A setting of Lincoln’s Gettysburg Address
for mixed chorus, children’s chorus, baritone solo and orchestra
duration - 15 min
In 1963 conductor Josef Krips asked David Diamond to compose a choral setting of Lincoln's Gettysburg Address. Commissioned by the Buffalo Evening News and radio station WBEN, it was premiered late that year by Lukas Foss conducting the Buffalo Symphony Orchestra. Krips later perfomed it with the San Francisco Symphony. In 1994 Gerard Schwarz recorded the work with the Seattle Symphony on Delos. This recording has been reissued on Naxos [8.559156]
Steven Lowe wrote for the Seattle Symphony performances:
"A 43-bar orchestral introduction sets the tone for the powerful text. As is typical, Diamond’s harmonic vocabulary is tonal/modal, with judicious use of piquant dissonances to heighten emotional impact. It is always a challenge for a composer to set prose, rather than the customary poetry, in a song cycle, and Diamond’s imaginative setting balances the rhythmic freedom of recitative with the structured cadence of an aria."
The Gettysburg Address with Audio Samples from This Sacred Ground
Four score and seven years ago our fathers brought forth, on this continent, a new nation, conceived in Liberty, and dedicated to the proposition that all men are created equal.
Now we are engaged in a great civil war, testing whether that nation, or any nation, so conceived, and so dedicated, can long endure. We are met on a great battle-field of that war. We have come to dedicate a portion of that field, as a final resting place for those who here gave their lives, that that nation might live. It is altogether fitting and proper that we should do this.
But, in a larger sense, we can not dedicate—we can not consecrate—we can not hallow—this ground. The brave men, living and dead, who struggled here, have consecrated it far above our poor power to add or detract. The world will little note, nor long remember what we say here, but it can never forget what they did here. It is for us the living, rather, to be dedicated here to the unfinished work which they who fought here have thus far so nobly advanced.
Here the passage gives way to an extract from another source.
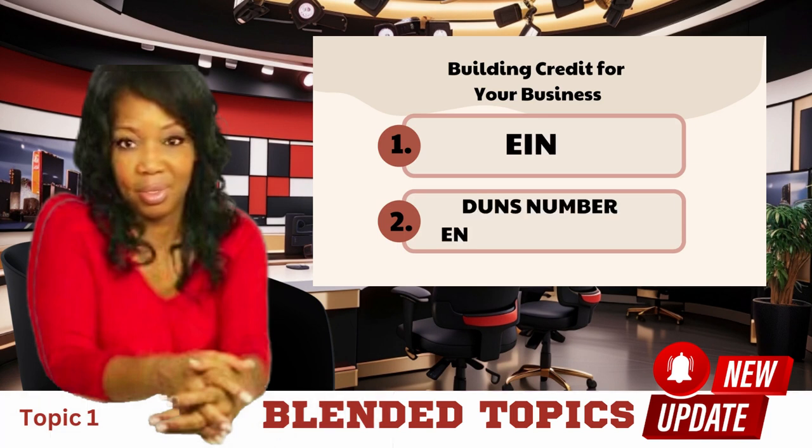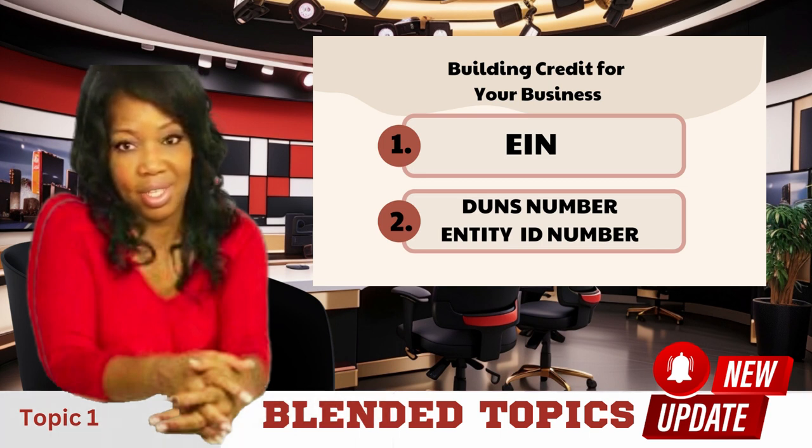Building credit for a business is crucial for growth and financial stability. In this video, we'll discuss establishing creditworthiness for your business and how you can establish credit so that you too can access financing to grow your business.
It is rather for us to be here dedicated to the great task remaining before us — that from these honored dead we take increased devotion to that cause for which they here gave the last full measure of devotion — that we here highly resolve that these dead shall not have died in vain — that this nation, under God, shall have a new birth of freedom — and that government of the people, by the people, for the people, shall not perish from the earth.
Reviews of the Naxos reissue
A reissue of recordings made in the early '90s for Delos, this Naxos album adds to David Diamond's representation in the acclaimed American Classics series, and reaffirms his status after years of unjust and incomprehensible neglect. Diamond's concert suite from the ballet "TOM," based on Uncle Tom's Cabin, and "This Sacred Ground," a setting of "Lincoln's Gettysburg Address," are pure Americana. In these celebratory works, Diamond's open-hearted music is readily accessible, enjoyable, and moving. No preparation is needed to appreciate Diamond's diatonic harmonies, straightforward melodies, and lean counterpoint.
--Blair Sanderson, All Music Guide
Diamond's music is refreshingly free from gimmickry and razzmatazz. And these are seemingly exemplary performances by the Seattle Symphony Orchestra under their long-standing chief. So why hesitate?